Modeling geographical span

To study the dependency between geographical space and social dimensions, we estimated the conditional probability p(d|l) of a dimension d occurring in conversations characterized by a given geographic span (or length) l. Specifically, we considered the set E@l of all edges in the conversation graph \({\mathscr {G}}\) that connect users at geographic distance l, and the subset of those edges \(E_d@l\) that belong to the dimension-specific graph \({\mathscr {G}}_d\). We then computed the conditional probability as the number of dimension-specific edges over the total number of edges at distance l, namely: \(p(d|l) = \frac{|E_d@l|}{|E@l|}\).

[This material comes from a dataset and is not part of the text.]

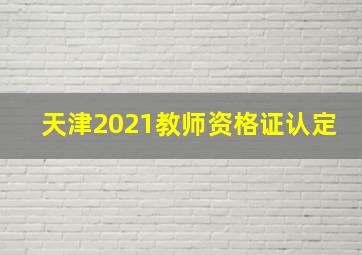 天津2021教师资格证认定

Because activity and connectivity are not uniformly distributed across states, the probability p(d|l) alone could yield a biased view of the interplay between interactions and space. To understand why, consider a scenario in which most of the users are concentrated in one single state. In such a scenario, all users would be constrained to interact mostly with people from that state, and the resulting spatial patterns will be just reflecting the underlying activity and spatial distributions rather than being indicative of explicit user choices. To account for this, we discounted p(d|l) by a probability \(p_{null}(d|l)\) computed on randomized data. In particular, we generated a random null model by randomly reshuffling the locations across users. By doing so, we preserved both the connectivity properties of the conversation network and the population distribution across states, yet destroying the original relationship between social links and spatial locations. Finally, we computed a normalized score \(\Delta p(d|l) = \frac{p(d|l)}{p_{null}(d|l)} -1\), which measures the % change of the probability of interaction compared to what it is expected by chance. To obtain the conditional probability associated to individual messages rather than social links, we also computed an alternative version of \(\Delta p(d|l)\) that considers each message as an individual edge in the graph, thus effectively weighting more pairs of individuals who communicated often.

Since we could geo-reference users at state-level only, we approximated the span of a social link between two users to the length of the straight line connecting the geographic centroids of their states. Given the relatively limited spatial resolution of such a definition, we were bound to a coarse partitioning of distances. Effectively, we divided the set of edges in quintiles based on their geographic span distribution, thus obtaining five equally-sized distance bins, the first of which contains almost exclusively interactions among people in the same state (\(l=0\)).